When this recipe fits

ScenarioThis recipe fits
Volunteer-facing portal as part of a partner integration
“My volunteer dashboard” view inside a customer’s existing app
Branded volunteer experience separate from the VOMO admin UI
Embedding volunteer data in a corporate intranet
Volunteer signup for new shifts✗ Not possible — participation writes aren’t exposed
Volunteer-initiated record changes that should be visible to other volunteers✗ Same — this is a read-mostly product

The architecture problem

VOMO doesn’t have per-volunteer API tokens. The Bearer token belongs to the customer’s organization — it has full read access to all volunteers, projects, groups, etc. for that customer. This is the opposite of what a portal needs: each volunteer should see only their own data. The partner integration is the bridge — it authenticates the volunteer (using identity outside VOMO), then uses its admin-level VOMO token to fetch only that volunteer’s data and serve it back. The security boundary is the partner backend. It’s the only thing that holds the VOMO token; the volunteer’s browser never sees it.

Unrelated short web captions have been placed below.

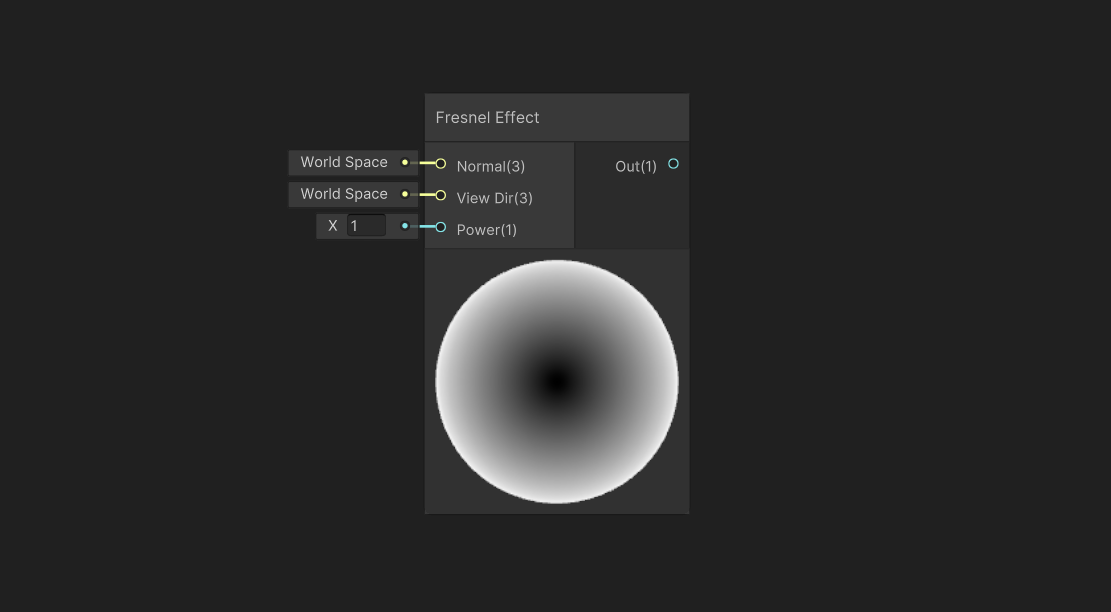 Shader Graph's Fresnel Effect node.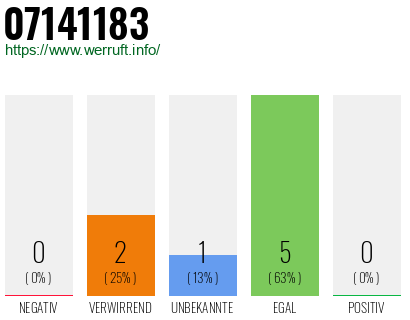 Rufnummer 07141183 Telefonnummer 07141183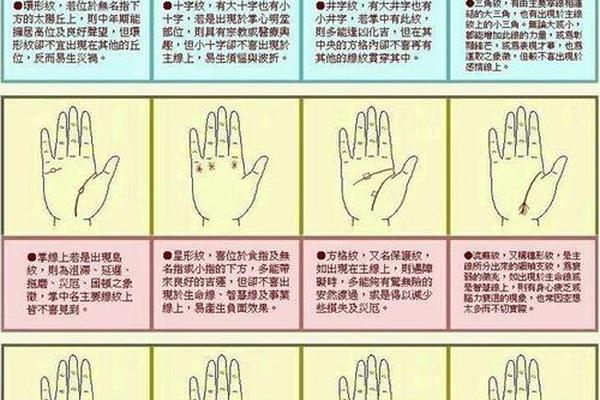 痣相不好的手相图解大全;最准的痣相图解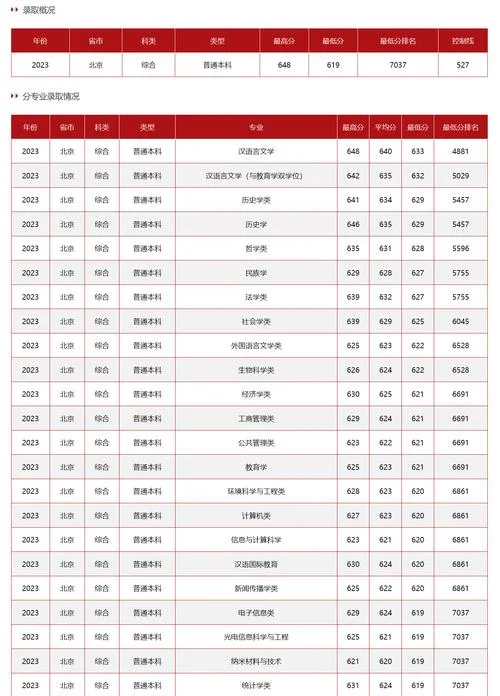 大学历年录取分数线查询_1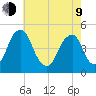 Pine Island tide chart for Saturday, May 9, 2026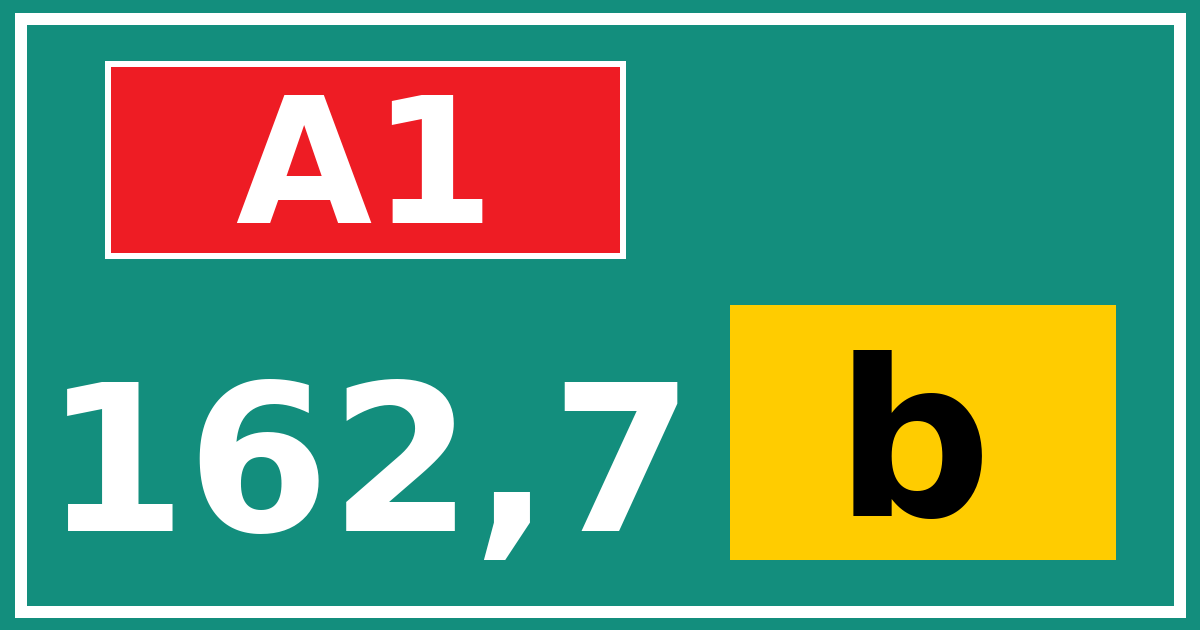 Hectometerbord A1 162,7 letter b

Step 1: identity — who is this volunteer?

The first design choice: how does the portal know which VOMO user the logged-in volunteer corresponds to?

Option A: customer SSO + email mapping

The customer already has an identity system (Active Directory, Okta, Google Workspace, etc.). Volunteers log in with their corporate identity; the portal extracts the verified email; the partner maps email to VOMO User ID.
JavaScript
async function resolveVomoUserFromSession(session, customerId) {
  // 1. Trust the email from the authenticated session
  const email = session.user.email; // SSO-verified
  if (!email) throw new Error('No verified email in session');

  // 2. Look up the VOMO user by email
  const vomoToken = await credentials.getVomoToken(customerId);
  const params = new URLSearchParams({ email_like: email });
  const response = await fetch(
    `https://api.vomo.org/v1/users?${params}`,
    { headers: { Authorization: `Bearer ${vomoToken}` } }
  );

  const result = await response.json();
  const exactMatch = result.data.find(
    (u) => u.email?.toLowerCase() === email.toLowerCase()
  );

  if (!exactMatch) {
    throw new NotFoundError(`No VOMO user for ${email}`);
  }

  return exactMatch.id;
}
Pros: Customer’s existing identity is reused; no separate volunteer accounts to manage. Cons: Requires SSO integration; the email mapping breaks if a volunteer’s email changes in either system.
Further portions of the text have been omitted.